Activity: Please set down the records below exactly as they appear.

===== Material for this exercise

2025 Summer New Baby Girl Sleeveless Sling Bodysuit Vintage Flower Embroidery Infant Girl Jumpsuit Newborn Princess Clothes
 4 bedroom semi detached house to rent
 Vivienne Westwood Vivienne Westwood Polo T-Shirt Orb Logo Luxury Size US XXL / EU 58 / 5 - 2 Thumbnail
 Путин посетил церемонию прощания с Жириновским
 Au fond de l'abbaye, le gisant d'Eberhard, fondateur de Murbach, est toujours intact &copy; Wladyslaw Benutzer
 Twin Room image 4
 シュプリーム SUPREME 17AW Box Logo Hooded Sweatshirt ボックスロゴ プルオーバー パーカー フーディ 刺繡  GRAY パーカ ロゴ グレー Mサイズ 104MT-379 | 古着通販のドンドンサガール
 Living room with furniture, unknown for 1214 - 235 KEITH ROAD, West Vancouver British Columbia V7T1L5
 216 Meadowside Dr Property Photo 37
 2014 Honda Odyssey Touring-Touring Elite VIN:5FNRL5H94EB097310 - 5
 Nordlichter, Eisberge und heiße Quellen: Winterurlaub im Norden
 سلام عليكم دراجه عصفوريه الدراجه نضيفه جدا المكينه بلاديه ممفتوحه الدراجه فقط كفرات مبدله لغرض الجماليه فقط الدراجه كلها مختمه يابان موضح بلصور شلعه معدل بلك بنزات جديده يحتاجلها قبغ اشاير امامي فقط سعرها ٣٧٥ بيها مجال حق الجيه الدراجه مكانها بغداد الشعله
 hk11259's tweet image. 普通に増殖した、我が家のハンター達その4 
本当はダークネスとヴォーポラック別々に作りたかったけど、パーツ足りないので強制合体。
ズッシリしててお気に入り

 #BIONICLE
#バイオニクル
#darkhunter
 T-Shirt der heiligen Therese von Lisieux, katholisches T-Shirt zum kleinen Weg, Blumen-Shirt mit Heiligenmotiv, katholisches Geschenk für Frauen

==========

Answer box:
2025 Summer New Baby Girl Sleeveless Sling Bodysuit Vintage Flower Embroidery Infant Girl Jumpsuit Newborn Princess Clothes
 4 bedroom semi detached house to rent
 Vivienne Westwood Vivienne Westwood Polo T-Shirt Orb Logo Luxury Size US XXL / EU 58 / 5 - 2 Thumbnail
 Путин посетил церемонию прощания с Жириновским
 Au fond de l'abbaye, le gisant d'Eberhard, fondateur de Murbach, est toujours intact &copy; Wladyslaw Benutzer
 Twin Room image 4
 シュプリーム SUPREME 17AW Box Logo Hooded Sweatshirt ボックスロゴ プルオーバー パーカー フーディ 刺繡  GRAY パーカ ロゴ グレー Mサイズ 104MT-379 | 古着通販のドンドンサガール
 Living room with furniture, unknown for 1214 - 235 KEITH ROAD, West Vancouver British Columbia V7T1L5
 216 Meadowside Dr Property Photo 37
 2014 Honda Odyssey Touring-Touring Elite VIN:5FNRL5H94EB097310 - 5
 Nordlichter, Eisberge und heiße Quellen: Winterurlaub im Norden
 سلام عليكم دراجه عصفوريه الدراجه نضيفه جدا المكينه بلاديه ممفتوحه الدراجه فقط كفرات مبدله لغرض الجماليه فقط الدراجه كلها مختمه يابان موضح بلصور شلعه معدل بلك بنزات جديده يحتاجلها قبغ اشاير امامي فقط سعرها ٣٧٥ بيها مجال حق الجيه الدراجه مكانها بغداد الشعله
 hk11259's tweet image. 普通に増殖した、我が家のハンター達その4 
本当はダークネスとヴォーポラック別々に作りたかったけど、パーツ足りないので強制合体。
ズッシリしててお気に入り

 #BIONICLE
#バイオニクル
#darkhunter
 T-Shirt der heiligen Therese von Lisieux, katholisches T-Shirt zum kleinen Weg, Blumen-Shirt mit Heiligenmotiv, katholisches Geschenk für Frauen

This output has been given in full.